We are planning to start the implement ion of an IOT use case (might be 35000 vehicle signals per minute at this time with a small message size)

Could you please help me for the following questions ?

- Is physical servers recommended for HDF other than VM?

- How many minimum nodes needs to be deployed for the clustering?

- What is the minimum hardware requirements per each node?

Thanks

SJ

1 ACCEPTED SOLUTION

avatar
Master Mentor

@Sanaz Janbakhsh

HDF 2.0 is based off Apache NiFi 1.0 which no longer has an NCM (NCM based clusters only exists in HDF 1.x or Apache NiFi 0.x versions). HDF 2.0 is a zero master cluster which requires Zookeeper (min 3 ZK nodes for Quorum) for cluster coordinator and primary node designations and for storing your cluster wide state.

- Is physical servers recommended for HDF other than VM? I do recommend physical servers over VM for NiFi. Depending on the dataflow(s) you design (which processor and controller service components you use), The load put on your server can go form very light to very heavy.

- How many minimum nodes needs to be deployed for the clustering? There is no minimum number of hosts in a NiFi cluster. You can actually even stand up a 1 node cluster (Pointless and actual will perform poorer the a standalone NiFi because of additional cluster overhead that is added). I suggest starting with a 3 node cluster to spread out your load and provide coverage if a node is lost. You can add additional node to an existing Nifi cluster later with minimal effort.

- What is the minimum hardware requirements per each node? Not knowing exactly what you plan on doing in your dataflow with regards to your 35,000 FlowFiles per minute, it is difficult to make any CPU suggestions. Generally speaking it is good practice to setup a POC and see how it scales. The fact that you are working with a large number of very small files, NiFi JVM heap usage could potentially be high, so making sure you have enough memory on each node to give NiFi at least 8 GB of heap to start with.

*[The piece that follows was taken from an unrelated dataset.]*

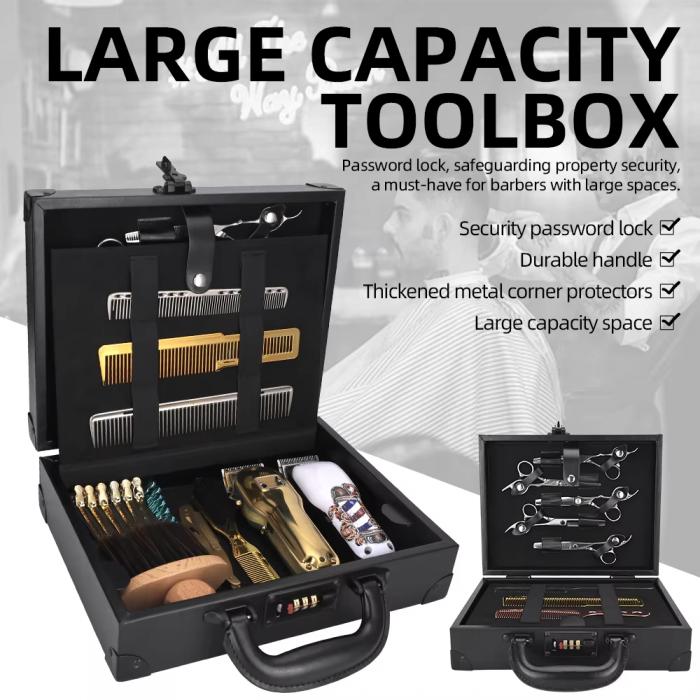 Professional Barber Case with Clipper Tray Organizer Portable Salon Carrying Case for Hair Tools Supplies with Lock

You will need additional memory for the OS and any other services running on these host other then NiFi.

Thanks,

Matt

View solution in original post

7 REPLIES 7

avatar
Master Mentor

avatar
Master Mentor
@Sanaz Janbakhsh

Regarding your other queries. like

Regarding VM vs Physical server: VM based pros:

1. 'Easier' managing nodes. Some IT infrastructure teams insist on VMs even if you want to map 1 physical node to 1 virtual node because all their other infrastructure is based on VMs.

2. Taking advantage of NUMA and memory locality. There are some articles on this from virtual infrastructure providers that you can take a look at.

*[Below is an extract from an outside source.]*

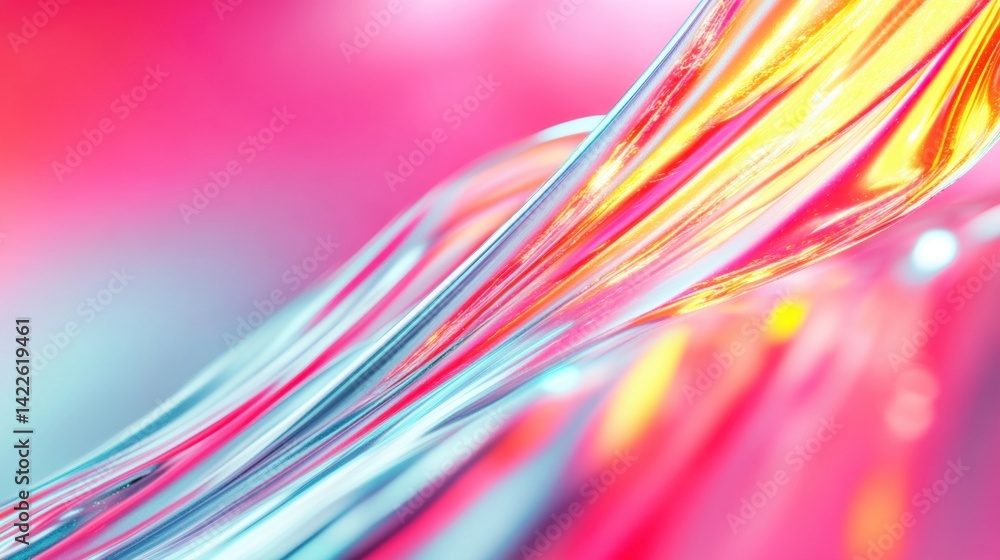 Poster colorful and translucent material flows gracefully, creating an eye-catching abstract design in shad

VM based disadvantages: (example may vary based on your usage and cluster)

1. Overhead. As an example, if you are running 4VMs per physical node, you are running 4 OS, 4 Datanode services, 4 Nodemanagers, 4 ambari-agents, 4 metrics collectors and 4 of any other worker services instead of one. These services will have overhead compared to running 1 of each.

2. Data Locality and redundancy. Now, there is support to know physical nodes, so no two replicas go into same physical node but that is extra configuration. You might run into virtual disk performance problems if they are not configured properly.

Given a choice, I prefer using Physical servers. However, its not always your choice. In those cases, make sure you try to get following.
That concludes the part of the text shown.